Reverse mortgages: good and bad
INCREASING living expenses mean that many Australians who retire in the next 30 years are going to be doing it tough.
One way out is to sell the home and rent, another is to take out a reverse mortgage - a loan where there is no obligation to make repayments of principal or interest.
I like reverse mortgages, if they are used properly, but, as one man I will call Ted, found out, it's very easy to get caught. He and his wife took out a reverse mortgage in 2007 with a limit of $40,000 and drew it down by instalments to minimise the interest. To protect himself from rate rises he took an interest rate of 9% "fixed for life".
By 2011 the debt had grown to $47,000, which seemed reasonable in the circumstances, but things took a turn for the worse when his wife died and he decided to move to a more suitable property
This involved paying out the loan but he was horrified to discover that the reverse mortgage provider wanted a "break fee" of $35,000 in addition to the sum owing. This turned a $47,000 debt into an $82,000 debt.

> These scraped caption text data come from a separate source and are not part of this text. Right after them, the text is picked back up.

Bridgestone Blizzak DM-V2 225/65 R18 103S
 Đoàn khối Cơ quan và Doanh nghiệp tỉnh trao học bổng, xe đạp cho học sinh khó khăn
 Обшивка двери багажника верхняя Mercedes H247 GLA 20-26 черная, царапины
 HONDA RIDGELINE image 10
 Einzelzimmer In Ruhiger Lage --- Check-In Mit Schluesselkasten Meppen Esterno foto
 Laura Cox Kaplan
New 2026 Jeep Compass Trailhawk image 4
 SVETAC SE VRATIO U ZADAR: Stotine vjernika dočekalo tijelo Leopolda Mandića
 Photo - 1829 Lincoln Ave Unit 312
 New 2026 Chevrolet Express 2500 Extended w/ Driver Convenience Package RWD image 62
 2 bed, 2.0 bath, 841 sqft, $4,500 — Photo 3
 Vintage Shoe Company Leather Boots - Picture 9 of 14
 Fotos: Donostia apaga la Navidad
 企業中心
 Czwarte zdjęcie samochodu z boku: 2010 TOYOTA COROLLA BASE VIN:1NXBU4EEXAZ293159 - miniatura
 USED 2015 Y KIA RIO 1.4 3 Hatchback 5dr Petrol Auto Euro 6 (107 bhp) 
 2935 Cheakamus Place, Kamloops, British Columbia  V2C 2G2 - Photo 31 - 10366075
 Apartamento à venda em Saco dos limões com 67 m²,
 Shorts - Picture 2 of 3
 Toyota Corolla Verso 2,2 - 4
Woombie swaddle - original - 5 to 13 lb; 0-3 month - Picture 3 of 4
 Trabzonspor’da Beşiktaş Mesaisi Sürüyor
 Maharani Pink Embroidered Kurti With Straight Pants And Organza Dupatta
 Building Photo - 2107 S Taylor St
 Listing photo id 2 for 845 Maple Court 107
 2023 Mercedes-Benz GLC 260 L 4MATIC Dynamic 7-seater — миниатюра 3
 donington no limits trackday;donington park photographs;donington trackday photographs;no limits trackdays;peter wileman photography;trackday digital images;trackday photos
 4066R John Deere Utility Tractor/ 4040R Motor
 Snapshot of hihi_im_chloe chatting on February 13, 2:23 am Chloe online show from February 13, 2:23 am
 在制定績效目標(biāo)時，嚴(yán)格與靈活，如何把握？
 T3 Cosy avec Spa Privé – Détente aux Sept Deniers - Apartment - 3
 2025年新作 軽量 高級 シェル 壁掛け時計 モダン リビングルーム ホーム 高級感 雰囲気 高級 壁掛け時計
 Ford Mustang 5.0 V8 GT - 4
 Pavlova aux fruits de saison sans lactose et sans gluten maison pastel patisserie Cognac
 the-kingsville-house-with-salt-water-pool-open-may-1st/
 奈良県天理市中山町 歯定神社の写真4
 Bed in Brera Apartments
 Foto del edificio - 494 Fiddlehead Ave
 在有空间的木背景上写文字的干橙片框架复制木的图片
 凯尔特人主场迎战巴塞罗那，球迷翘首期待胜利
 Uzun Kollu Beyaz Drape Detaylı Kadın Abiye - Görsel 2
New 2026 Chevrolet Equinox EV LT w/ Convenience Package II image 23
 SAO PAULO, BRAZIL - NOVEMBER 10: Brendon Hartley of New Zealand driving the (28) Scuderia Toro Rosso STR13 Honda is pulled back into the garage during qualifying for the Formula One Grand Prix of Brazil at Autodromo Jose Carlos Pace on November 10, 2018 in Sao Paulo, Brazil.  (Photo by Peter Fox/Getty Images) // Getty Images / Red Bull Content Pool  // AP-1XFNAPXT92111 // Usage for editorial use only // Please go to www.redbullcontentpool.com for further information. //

This was the price of fixing the interest rate.
If rates had gone in the other direction the breaking of the loan contract might have worked in his favour - he may have got a refund.
So what are the lessons here for anyone who has to resort to a reverse mortgage? In hindsight, the biggest risk Ted took was the fixed rate loan, which means that retirees may well be safer with a variable rate than a fixed one. If a variable rate is chosen, borrowers should delay drawing down the mortgage for as long as possible to minimise interest and to reduce the potential term of the loan.
Also, the essence of a reverse mortgage is it enables the parents to spend money that would normally be left to their children. If the children can afford it, they should chip in and pay the interest on their parents' loan, so the debt does not increase.